Für diesen Prozeß der Informationsreduktion, der immer mit dem Prozeß des Verstehens gekoppelt ist, hat der dänische Wissenschaftsjournalist Tor Nørretranders den Begriff der Exformation geprägt. Folgen wir seinem Ansatz, so wäre Information in einer regelrechten Umkehrung des weizsäckerschen Wortes erst einmal gerade das, was nicht verstanden wird.
Gemäß seiner Auffassung gilt, dass erst wenn Information eine Exformation durchlaufen hat, sie zur verstandenen Information, zur kommunizierten und kommunizierbaren Information wird.

Mit reiner Information, bei der ich keine Exformation durchführen kann, bin ich konfrontiert, wenn ich etwa einen Text vor mir habe, bei dem ich weder die Sprache noch das «Alphabet» kenne, mittels welcher dieser Artikel verfaßt ist.
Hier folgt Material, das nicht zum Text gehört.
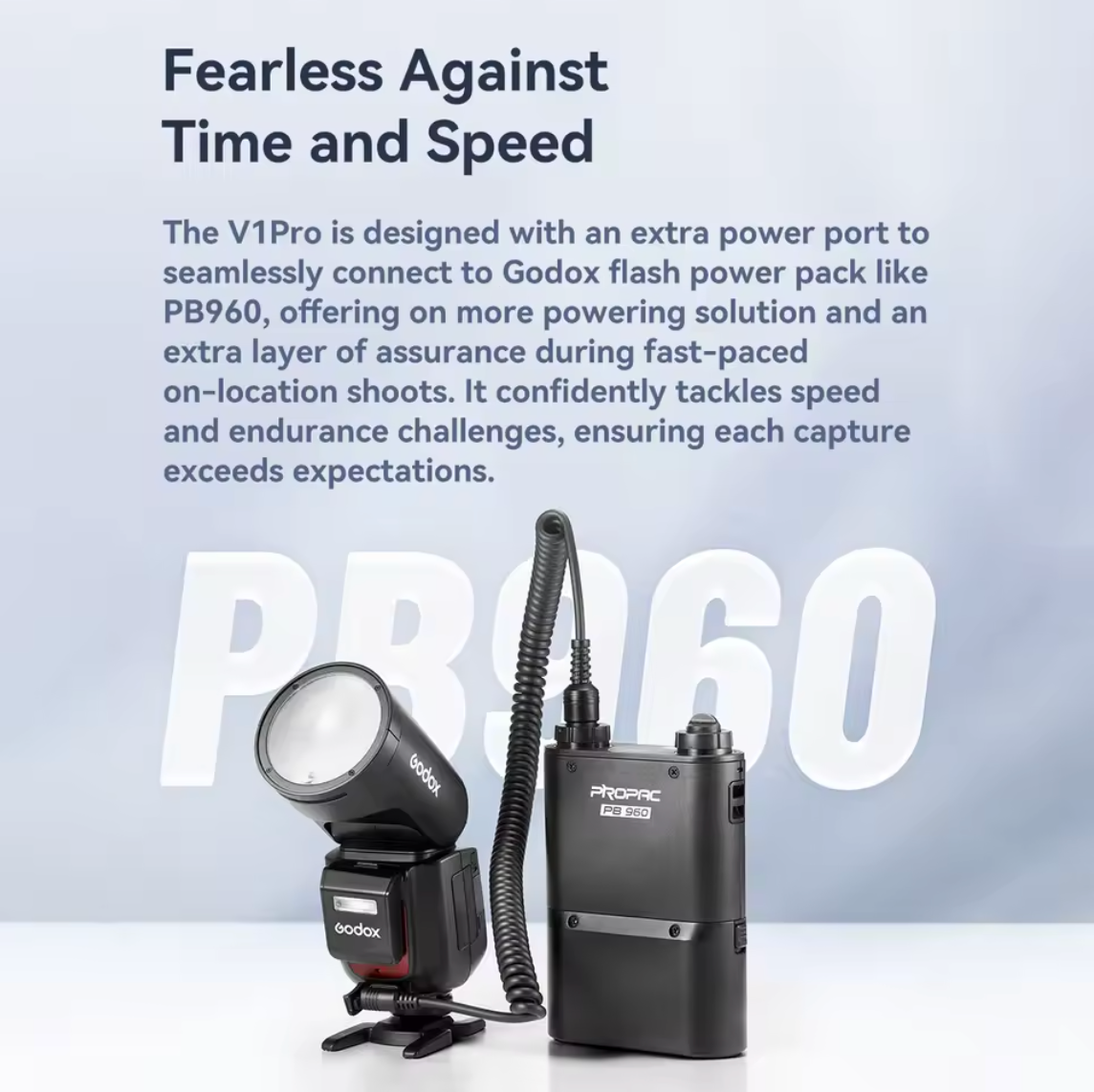 Godox V1 Pro S 2.4G TTL Drahtloses Blitzgerät Kamerablitz für Sony Nikon Canon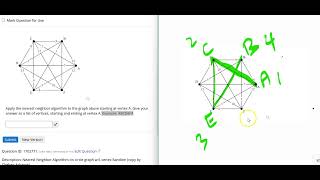 Nearest Neighbor Algorithm 6 Vertices
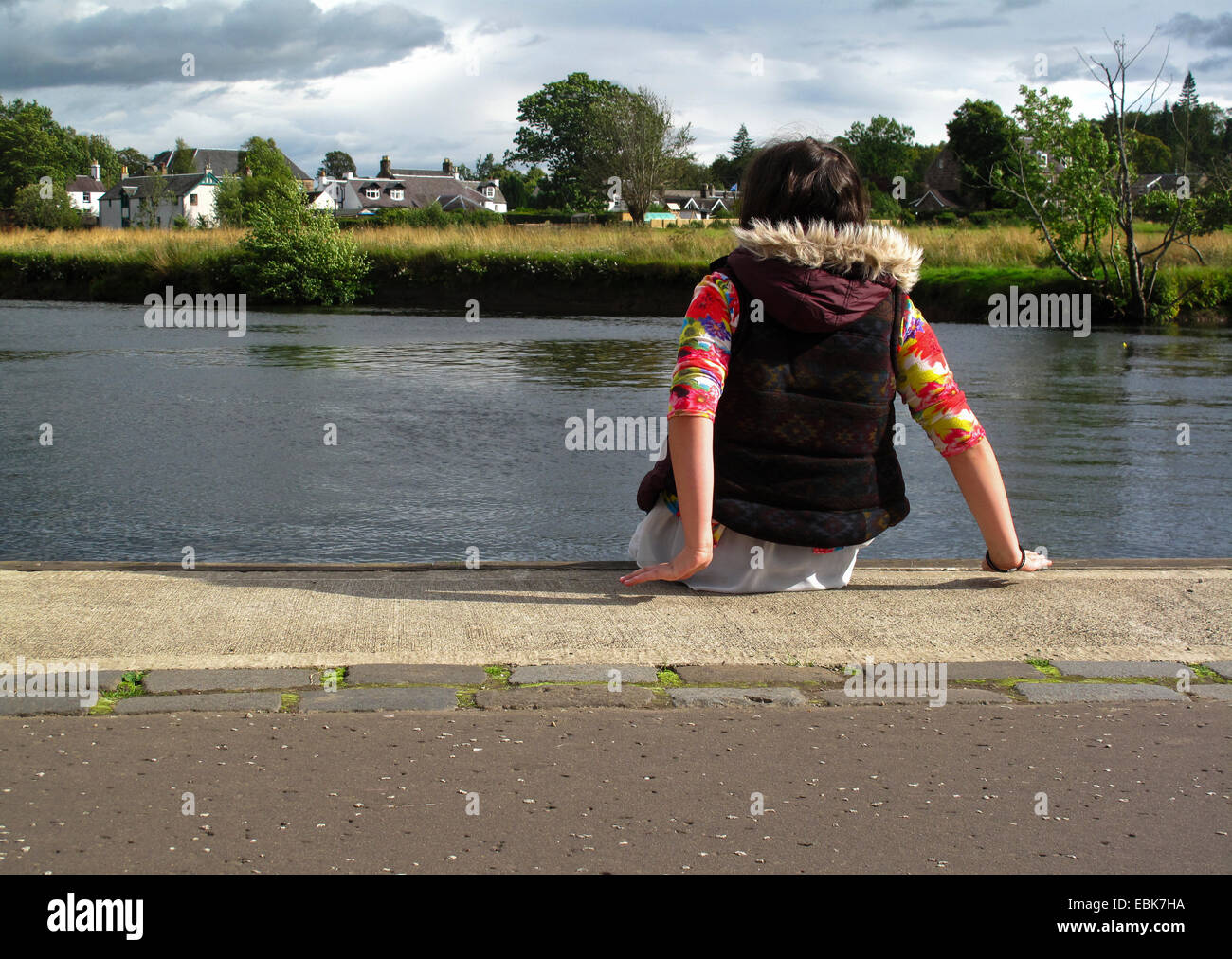 14 year old girl sitting hi-res stock photography and images - Alamy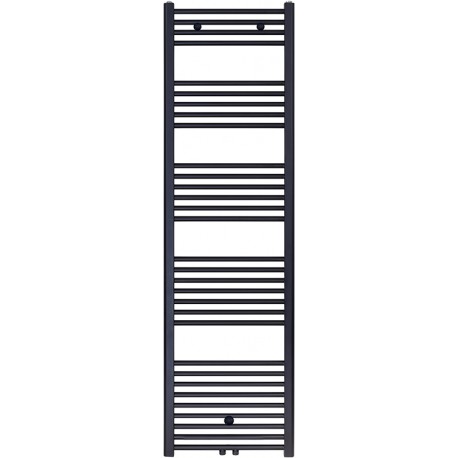 Radiateur sèche-serviette H180x50cm noir mat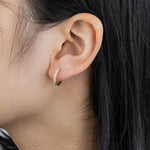 Load image into Gallery viewer, Chic Gold Huggie Earrings with Sparkling CZ Design for Women | Soria Jewelry
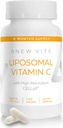 Liposomal Vitamin C Supplement - Gelişen Immunity Support, Antioksi Rich, Optimal Aborpsiyon & Bioavailability, Ascorbic Asit Power, Non-GMO, Gluten-Free, Plant-Based - 120 Veggie Caps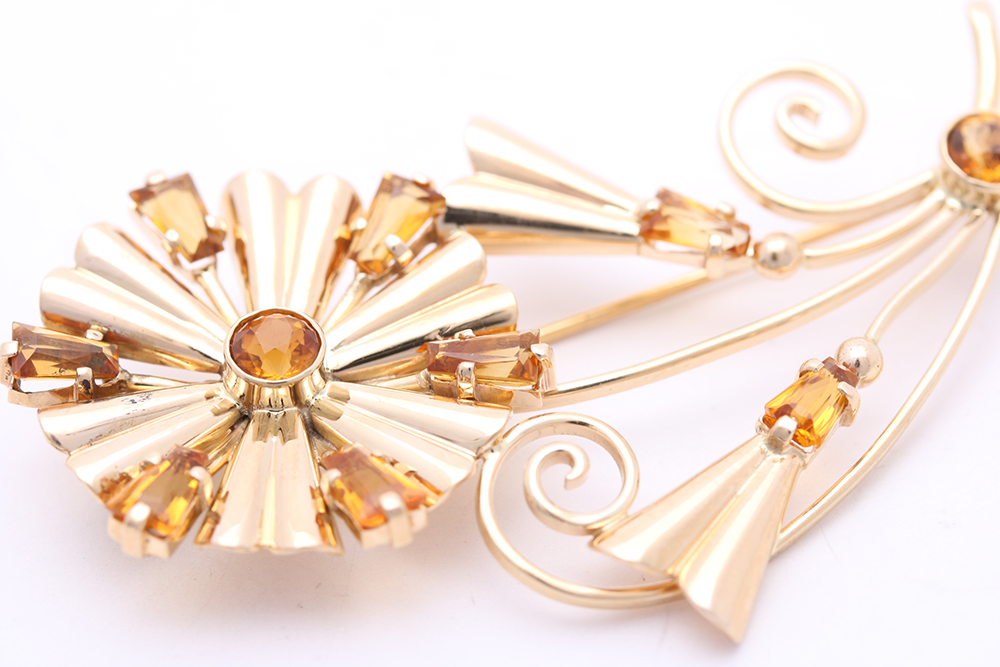 Vintage Tiffany & Co. 14K  Daisy Brooch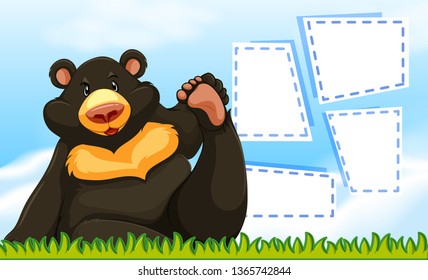 Ilustración de la plantilla de notas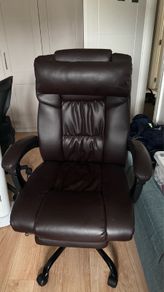 Leather Office Chair with Massage Function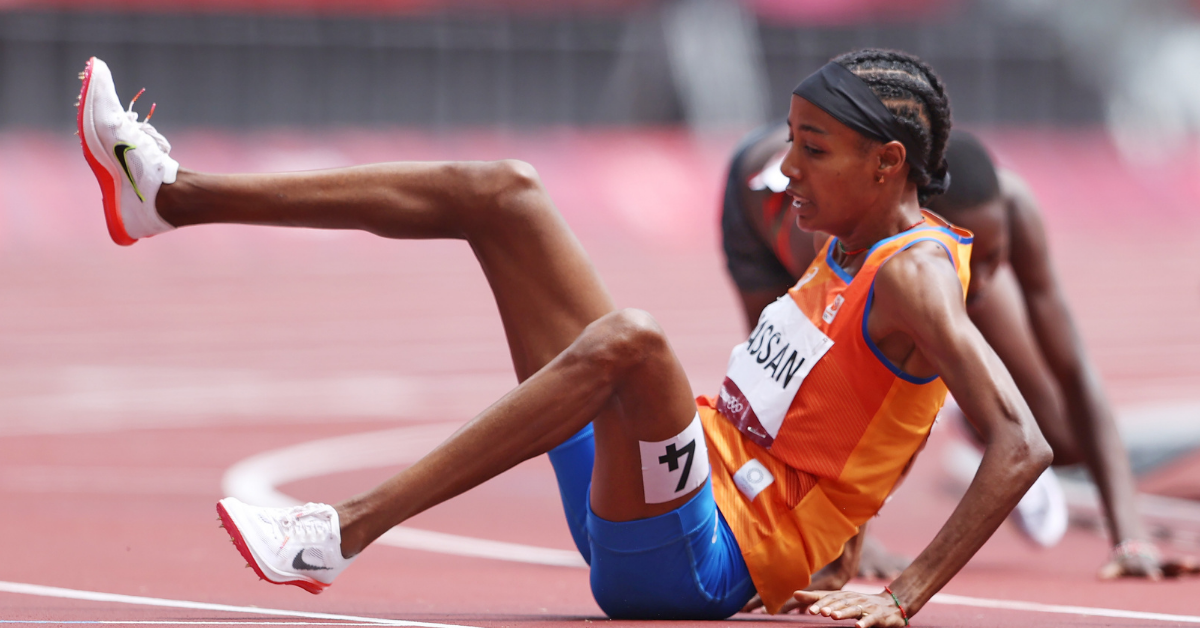 Distance Runner Trips And Falls During Last Lap Of Olympic Race—Then Pulls Off Incredible Victory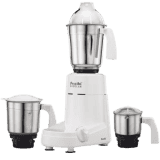 Preethi Popular MG-142 750 W Mixer Grinder 3 Jars | White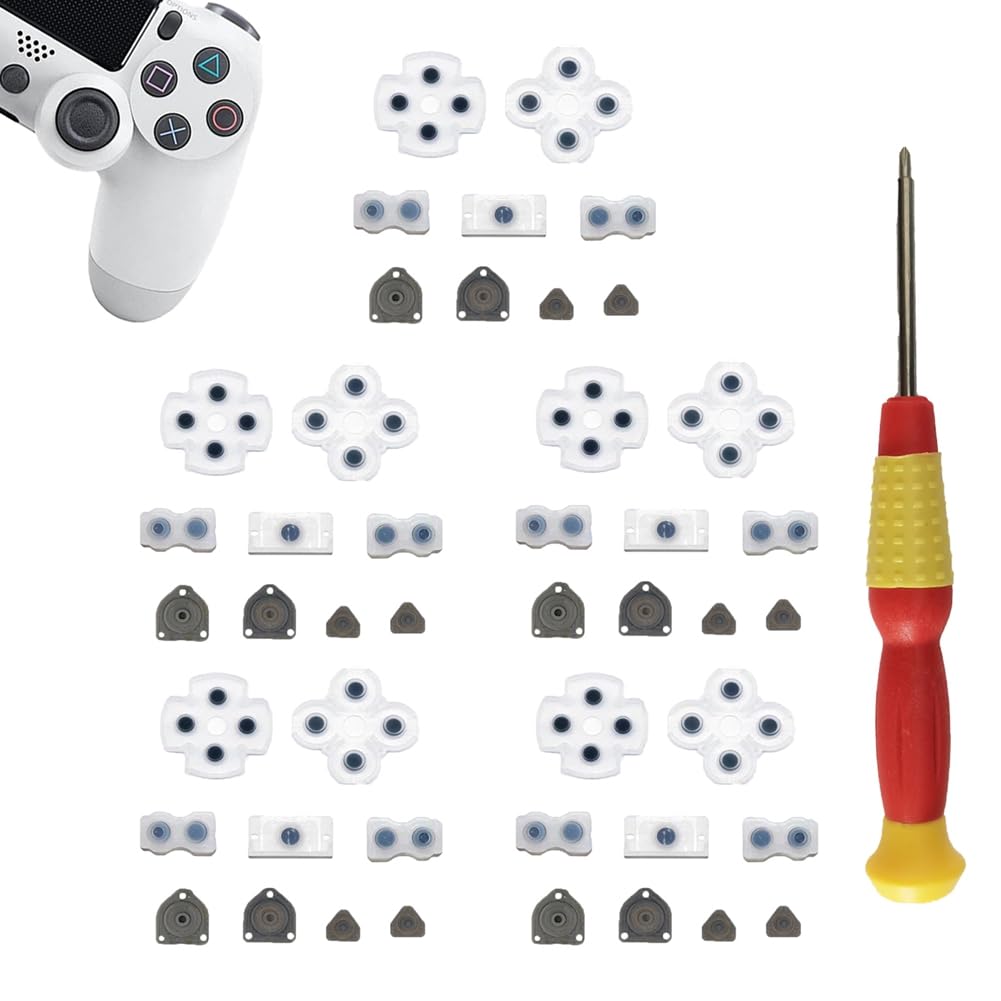 Amazon.com: 5 Sets Silicone Conductive Rubber Pads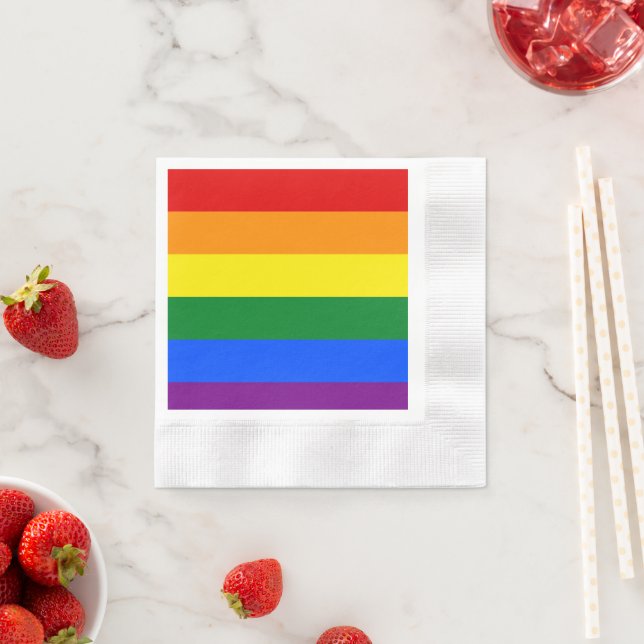 LGBT Pride Rainbow Napkin (Insitu)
Habe ich einen Zeitungsartikel auf chinesisch vor mir, bin aber des Chinesischen nicht mächtig, verstehe ich überhaupt nichts.
Der Salat an Linien enthält für mich unzählige Informationen, mit denen ich aber überhaupt nichts anfangen kann, sie sagen mir nichts.
Die einzige Exformation die ich hier vielleicht durchführen kann, und somit die einzige Erkenntnis die ich haben kann, ist die Feststellung, dass es sich um Chinesisch handelt – doch auch dass kann aber nur zutreffen, wenn ich schon chinesische Schriftzeichen kenne. Beherrsche ich aber Chinesisch, dann ordnen sich die Linien zu Clustern, die ich als bereits bekannten Zeichen und Worte wiedererkenne, diese dann zu Sätzen nach den mir bekannten Regeln, aus diesen wiederum extrahiere ich das Wesentliche des Inhalts, den ich dann wahrscheinlich mit noch weniger Sätzen wiedergeben kann, als im Artikel vorhanden sind.
Handelt es sich dabei vielleicht um den Bericht über einen Verkehrsunfall, wäre ein weiterer Schritt der Exformation noch vollzogen, wenn ich den Inhalt des Berichts dann etwa unter «Autounfälle» ablege, wobei ich damit von allen besonderen Umständen dieses Ereignisses absehe, da sie mir nicht wichtig erscheinen.
Tatsächlich führen wir praktisch bei den meisten Informationen aus der Zeitung schließlich die totale Exformation durch, wir vergessen sie, wir vernichten Information, da sie keine Bedeutung für unser Leben hat."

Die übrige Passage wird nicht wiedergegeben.